The entire operation is done by cargo interests. Lighterage point
is also chosen by them. Why
shall vessels bear the cost?
(iv).
Lighterage can be done at anchorage, or in the approaches,
or (even) outside. Only in monsoons, when the sea gets rough,
the vessel has to come in. Normally,
therefore, the possibility of the vessel coming alongside is not there.
(v).
Port cannot verify the details behind acceptance of the certificate given
by the Master. Is this an acceptable arrangement? There is plenty of
scope for manipulation.
(vi).
If the MBPT can provide deeper anchorage points, these lighterage
vessels will come into the Port. No need to operate at the outer roads.
The MBPT will earn more through Port Dues, Pilotage, etc.
(vii).
In the ILL case, charge was on cargo on a ‘per tonne’
basis. Here they have introduced on ‘GRT basis’. That
is why vessels are required to pay (what really the shippers must pay).
(viii).
Bill of Lading is different from a Master’s certificate.
The latter is not a legal document. There is a scope for manipulation.
It is better to have fixed slab rates with respect to GRT so that there is no
subjectivity.
Mumbai
Port Trust,
(i).
Our berths are empty. Why should we encourage lighterage
operations?
(ii).
As regards Calendar Day or 24-hour unit, we will adopt the berth
hire logic here also. We will streamline this in the General Revision
proposals slated for mid-January 2002.
(iii).
Conceding the principle ahead of that will require our Board’s
permission.
(iv).
We have no control over the transhipment cargo. Shipper may do all
the operations. But, the vessel asks for the permission. So,
the vessels must pay.
(v).
Certificate of a Master of the vessel is a legal document. How can
MANSA delink it?
4.
With reference to the totality of information collected during the
processing of this case, the following position emerges:
(i).
The existing Scale of Rates (Port of Mumbai Pilotage, Tug
Assistance, Towage Mooring and Other services Fee Order, 1998)
contains a provision to levy lighterage dues on mother vessels anchored /
occupying a place in stream for working cargo.
The said Scale of Rates was approved by this Authority in October 1998.
That being so, this tariff item cannot be said to be levied by the
MBPT arbitrarily or without legal backing.
The question now under consideration is about continuance of this tariff
item.
(ii).
It is noteworthy that the system of levying charges on vessels which work
at anchorages is not unique to the MBPT but is in vogue at many other major
ports.
(iii).
One can argue that a vessel at anchorage pays anchorage fees for
occupation of space; why should it be made to pay higher lighterage dues
when it continues to occupy the same space but only carries out cargo operation.
It is to be clarified that anchorage fees are levied during the period
vessel is not working cargo.
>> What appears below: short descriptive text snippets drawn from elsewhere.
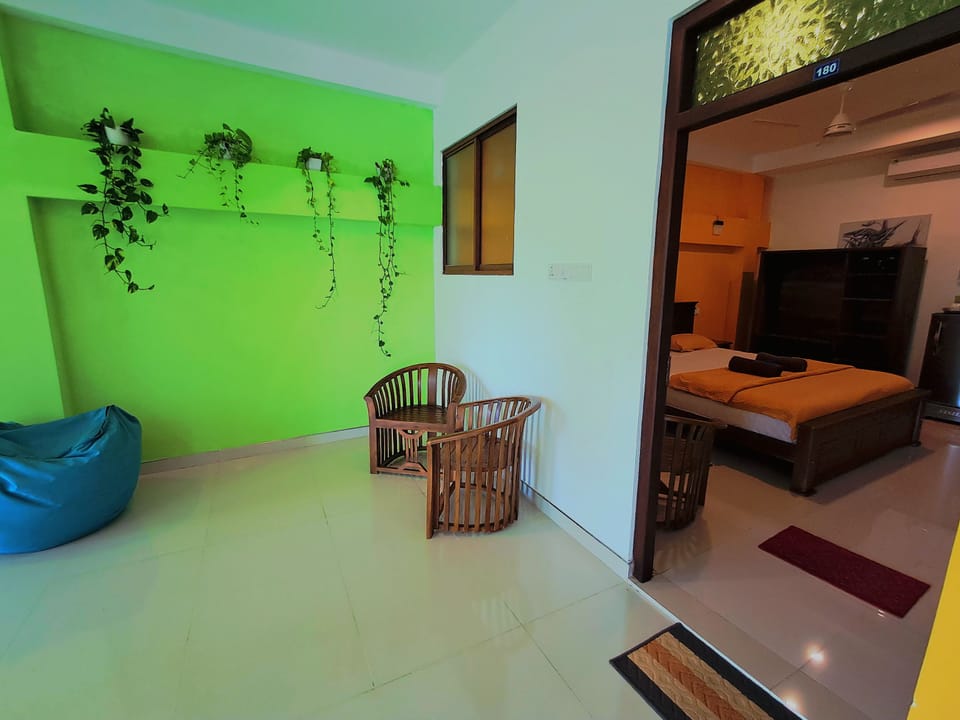 Apartment With Garden View | Minibar, in-room safe, desk, iron/ironing board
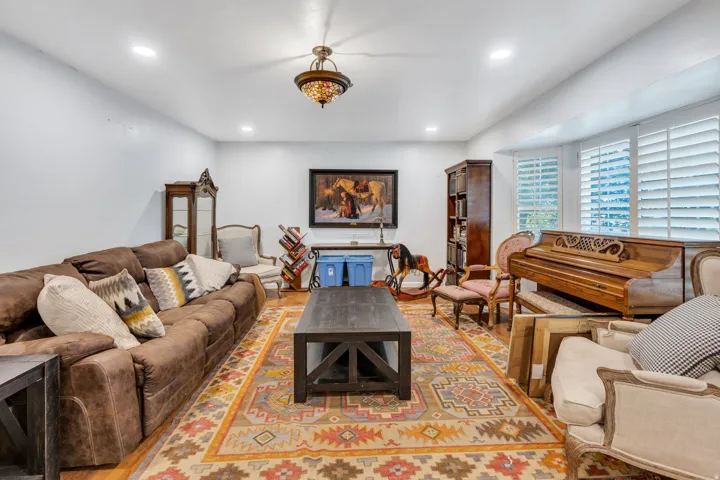 Recessed lighting, wood-finish flooring, and crown molding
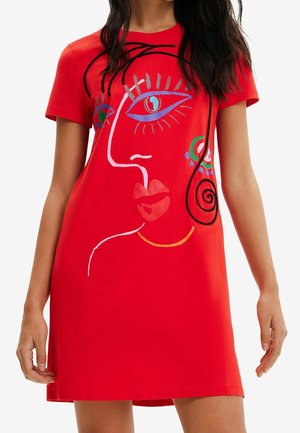 Mujer que lleva un vestido rojo de manga corta con un diseño abstracto y colorido de un rostro en la parte delantera, con ojos, labios y remolinos.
Lighterage
dues are levied only for the period vessel works at anchorage.
That being so, there is no double recovery of charges for the same
period of time.
It is to be recognised that anchorages inside the port or port approaches
are generally meant for vessels to wait.
Cargo operation is expected to be carried out at the designated berths /
jetties. For some reasons,
if mid-stream transhipment takes place, a port stands to lose revenue
since anchorage fees are far too less than normal berth hire charges.
Irrespective of certain compelling reasons like draft restriction,
etc. for carrying out lighterage operation, the fact cannot be
ignored that a vessel while lighteraging cargo at anchorage carries out a
commercial activity. Consequently,
it has to pay at a rate higher than the fees prescribed for normal idling.
(iv).
As has been pointed out by the MBPT, lighterage dues are not
levied from vessels engaged in midstream discharge for reducing the draft to
enable its entry into the Docks / Piers of the MBPT.
This means, this charge is levied only in the cases of such
lighterage operation of cargo meant for other ports.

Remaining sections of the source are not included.